:: Work to be completed ::
Would you print out all of the data exactly and keep the pictures out of it?

:: Recorded data ::

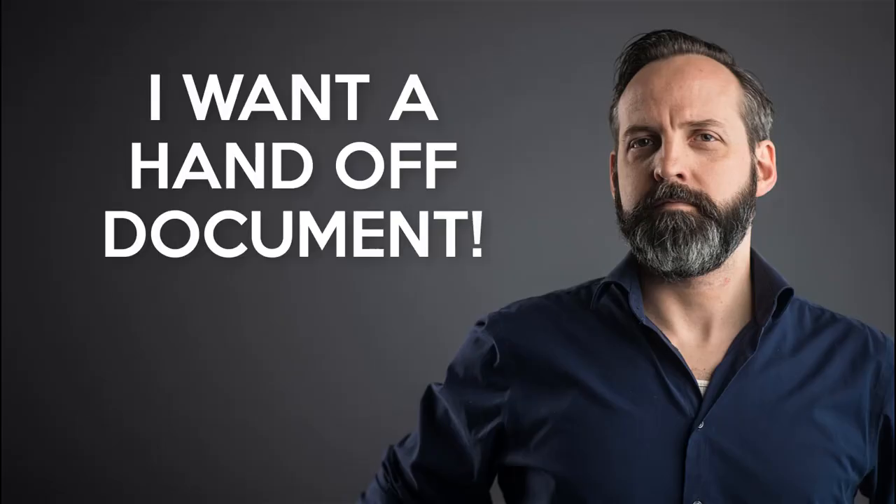If you take nothing else from this video, adjust your current and future vendor management protocols and insist: I want a handoff document. Give me a handoff document before I drag your soul to hell.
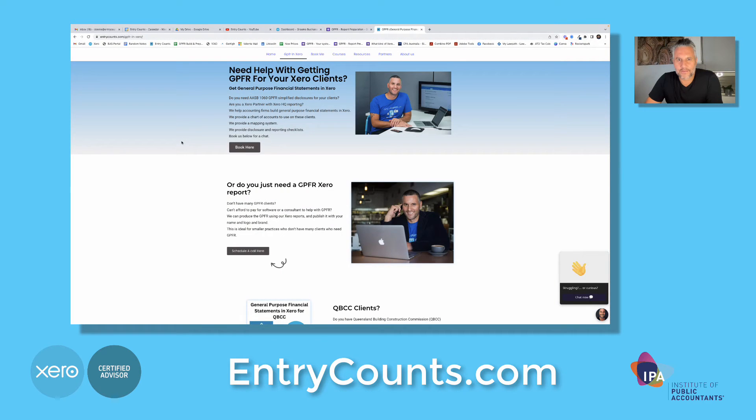Hi, I'm Donnie Buchanan from EntryCounts.com. You should watch this five-minute video if you've got QBCC clients and they need general purpose financial statements. With us at EntryCounts, you've got two options. The first option is we can prepare a general purpose financial report for you. The report will be meeting GPFR and AASB requirements.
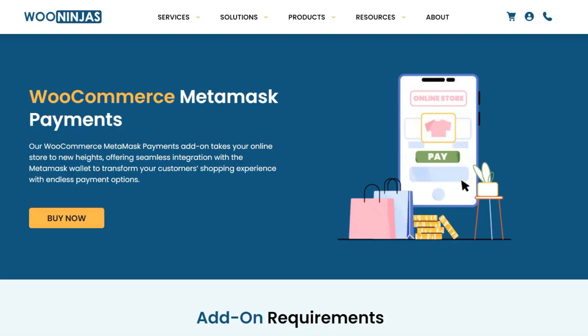But how can you implement this on your WooCommerce site? With the WooCommerce MetaMask Payments extension, you can allow customers to make purchases without worrying about currency exchange rates, bank restrictions, or international transaction fees.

:: Solution to this exercise ::
If you take nothing else from this video, adjust your current and future vendor management protocols and insist: I want a handoff document. Give me a handoff document before I drag your soul to hell.
Hi, I'm Donnie Buchanan from EntryCounts.com. You should watch this five-minute video if you've got QBCC clients and they need general purpose financial statements. With us at EntryCounts, you've got two options. The first option is we can prepare a general purpose financial report for you. The report will be meeting GPFR and AASB requirements.
But how can you implement this on your WooCommerce site? With the WooCommerce MetaMask Payments extension, you can allow customers to make purchases without worrying about currency exchange rates, bank restrictions, or international transaction fees.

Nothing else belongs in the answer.